Thursday, April 23, 2009

Maryland CASE

The repercussions of the death penalty, no matter the circumstance, are forever, Jane Henderson, executive director of Maryland Citizens Against State Executions, said at a press conference at Anne Arundel Community College on Friday.
“It is not reversible,” Henderson said.
A bill, limiting capital punishment by requiring biological or DNA evidence, videotaped confession, or videotape of crime, was passed March 26 by the General Assembly in place of repeal of the death penalty.
None of the evidence from the bill is applicable to four out of the five inmates currently on death row. There is one person on the row who maintains his innocence, she said.
“The problem is we can never be 100 percent sure,” Henderson said.

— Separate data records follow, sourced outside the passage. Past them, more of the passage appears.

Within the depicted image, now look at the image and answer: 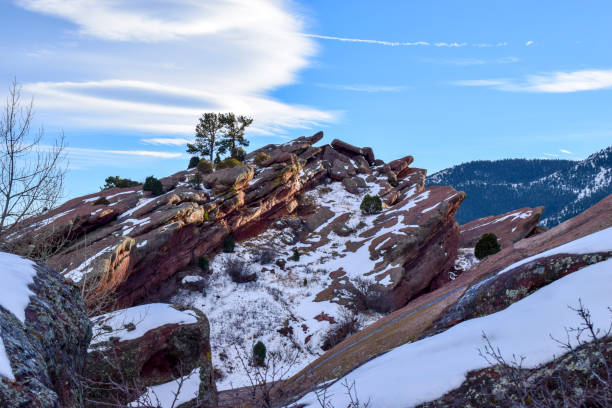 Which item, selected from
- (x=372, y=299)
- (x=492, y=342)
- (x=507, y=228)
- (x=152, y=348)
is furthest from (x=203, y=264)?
(x=507, y=228)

It took Baltimore County 10 years to acknowledge Kirk Bloodsworth, a white male sentenced to death for rape and murder of a 9-year-old girl, was innocent. DNA does not always correctly determine who is guilty, she said.
Some victims wish to get rid of the death penalty. Most victims’ families are thinking about how to get through the day rather than the death penalty, Henderson said.
“It [the death penalty] does not deter murder,” she said.
Capital punishment costs three times as much as life without parole, she said.
If resources used towards the death penalty were instead put into communities in which the murder happened, grief counselors could be brought into counties, such as Baltimore County, and murders could be prevented, Henderson said.
Maryland CASE was established in the 1980’s in effort to ban execution for juveniles and the mentally retarded, and is still fighting today to repeal the death penalty, she said.
“My personal position is if you give the state the power to kill…it is going to be abused,” Henderson said.